In the commonwealth’s brief Friday in the First Circuit Court, its attorneys cited the string of decisions, argued that the same-sex marriage ban must be subjected to a more rigorous standard of constitutional analysis, and conceded that “the Commonwealth cannot responsibly advance before this court any interest sufficiently important or compelling to justify the differentiated treatment afforded so far” to the couples who challenged the ban.
The Puerto Rico government, it said, “has a strong interest in guaranteeing the equal protection of the law to all persons. This includes eliminating all forms of discrimination and unequal equal treatment within the Commonwealth’s borders.”
The commonwealth explicitly urged the First Circuit Court to overturn the trial judge’s decision turning aside the challenge.

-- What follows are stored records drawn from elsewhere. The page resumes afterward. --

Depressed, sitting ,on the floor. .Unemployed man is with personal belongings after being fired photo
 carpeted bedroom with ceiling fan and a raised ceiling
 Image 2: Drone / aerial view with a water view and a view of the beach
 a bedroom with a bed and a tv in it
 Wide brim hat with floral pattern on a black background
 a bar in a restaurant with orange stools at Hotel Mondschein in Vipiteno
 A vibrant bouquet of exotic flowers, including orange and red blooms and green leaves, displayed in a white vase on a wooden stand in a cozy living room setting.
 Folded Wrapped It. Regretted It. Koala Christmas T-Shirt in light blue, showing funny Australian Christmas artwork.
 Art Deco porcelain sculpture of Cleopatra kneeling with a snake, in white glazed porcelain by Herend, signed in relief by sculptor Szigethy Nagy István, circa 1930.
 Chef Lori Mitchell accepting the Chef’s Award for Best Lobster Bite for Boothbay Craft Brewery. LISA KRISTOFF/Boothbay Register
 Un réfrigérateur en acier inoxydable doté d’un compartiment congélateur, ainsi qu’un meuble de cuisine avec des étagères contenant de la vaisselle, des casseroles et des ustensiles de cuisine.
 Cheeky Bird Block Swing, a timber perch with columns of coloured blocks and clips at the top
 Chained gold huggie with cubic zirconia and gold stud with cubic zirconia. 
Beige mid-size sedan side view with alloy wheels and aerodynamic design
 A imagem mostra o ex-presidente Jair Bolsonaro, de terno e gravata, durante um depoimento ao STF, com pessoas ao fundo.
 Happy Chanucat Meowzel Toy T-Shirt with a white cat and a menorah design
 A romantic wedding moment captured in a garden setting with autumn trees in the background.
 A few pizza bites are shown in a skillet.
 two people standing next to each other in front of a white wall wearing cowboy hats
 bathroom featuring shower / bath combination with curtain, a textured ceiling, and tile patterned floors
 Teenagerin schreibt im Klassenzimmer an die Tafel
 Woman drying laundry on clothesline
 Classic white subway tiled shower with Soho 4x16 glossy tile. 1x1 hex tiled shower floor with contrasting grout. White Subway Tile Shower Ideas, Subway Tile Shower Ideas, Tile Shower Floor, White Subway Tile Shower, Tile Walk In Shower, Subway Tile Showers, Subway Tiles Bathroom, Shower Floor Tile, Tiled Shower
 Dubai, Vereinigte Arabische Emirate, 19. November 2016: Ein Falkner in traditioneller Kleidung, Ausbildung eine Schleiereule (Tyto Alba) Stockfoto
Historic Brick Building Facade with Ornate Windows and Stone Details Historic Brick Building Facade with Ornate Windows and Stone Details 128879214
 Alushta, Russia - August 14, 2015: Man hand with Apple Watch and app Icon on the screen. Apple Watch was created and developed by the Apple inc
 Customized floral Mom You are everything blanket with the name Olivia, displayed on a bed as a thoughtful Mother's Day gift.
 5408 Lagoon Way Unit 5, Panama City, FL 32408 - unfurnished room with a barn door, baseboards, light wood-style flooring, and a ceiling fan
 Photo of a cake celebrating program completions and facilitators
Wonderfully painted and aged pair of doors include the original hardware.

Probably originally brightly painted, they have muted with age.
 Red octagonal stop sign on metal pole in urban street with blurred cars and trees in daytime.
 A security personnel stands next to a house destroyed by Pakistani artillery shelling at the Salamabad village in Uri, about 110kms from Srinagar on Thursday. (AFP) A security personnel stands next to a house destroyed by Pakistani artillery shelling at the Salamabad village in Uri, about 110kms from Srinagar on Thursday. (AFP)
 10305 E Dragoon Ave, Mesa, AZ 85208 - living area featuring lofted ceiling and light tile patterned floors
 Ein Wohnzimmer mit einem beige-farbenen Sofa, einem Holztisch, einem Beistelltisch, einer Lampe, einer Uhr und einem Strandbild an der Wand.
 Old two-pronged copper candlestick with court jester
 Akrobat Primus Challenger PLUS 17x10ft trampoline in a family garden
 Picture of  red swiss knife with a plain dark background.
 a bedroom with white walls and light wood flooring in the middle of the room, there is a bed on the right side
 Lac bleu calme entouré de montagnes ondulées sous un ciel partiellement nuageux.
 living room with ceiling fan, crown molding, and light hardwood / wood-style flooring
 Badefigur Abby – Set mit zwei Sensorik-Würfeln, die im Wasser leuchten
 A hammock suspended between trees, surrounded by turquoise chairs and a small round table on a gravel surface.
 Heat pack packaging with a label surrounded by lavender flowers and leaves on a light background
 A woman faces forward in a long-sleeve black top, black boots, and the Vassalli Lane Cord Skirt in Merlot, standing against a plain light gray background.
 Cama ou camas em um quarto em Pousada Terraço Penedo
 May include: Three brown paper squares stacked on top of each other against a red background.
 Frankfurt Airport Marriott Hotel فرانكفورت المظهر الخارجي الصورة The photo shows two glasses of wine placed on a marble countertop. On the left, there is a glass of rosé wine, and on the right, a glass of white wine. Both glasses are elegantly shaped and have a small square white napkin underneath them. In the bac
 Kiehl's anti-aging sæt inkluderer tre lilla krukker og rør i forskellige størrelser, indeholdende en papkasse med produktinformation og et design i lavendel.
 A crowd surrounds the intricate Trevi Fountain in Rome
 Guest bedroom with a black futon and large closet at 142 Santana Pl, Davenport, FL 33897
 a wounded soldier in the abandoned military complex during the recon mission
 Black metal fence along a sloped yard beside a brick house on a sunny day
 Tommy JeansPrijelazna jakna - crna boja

Although the First Circuit Court has not yet had a chance to analyze the same-sex marriage question while other courts have been doing so, that appeals court had said in 2012 that it was still bound by a summary ruling by the Supreme Court in 1972 (Baker v. Nelson) saying that a claim to same-sex marriage rights did not raise “a substantial federal question.”
That comment by the First Circuit Court, and the Baker decision itself, were cited by the trial judge in Puerto Rico as part of his refusal to strike down the marriage ban in the territory. In its legal brief Friday, the commonwealth said that it had now concluded — especially since the Supreme Court has agreed to rule on the constitutional question — that Baker v. Nelson was no longer a bar to a decision in lower federal courts on that question.
The commonwealth’s new stance will mean that there is no controversy still before the First Circuit Court — unless that court were to allow some group opposing same-sex marriage to stand in for the commonwealth to continue a defense of the ban. That seems unlikely; other appeals courts have not allowed that where a state has switched positions and no longer supported a ban.
With the First Circuit test of the issue apparently now ending, there remain only three federal appeals courts that have yet to rule on the issue in recent months: the Fifth, Eighth and Eleventh Circuit Courts. Only one Circuit Court that has ruled on the issue — the Sixth — has upheld state bans. That is the decision the Supreme Court now has under review, with a hearing set for April 28.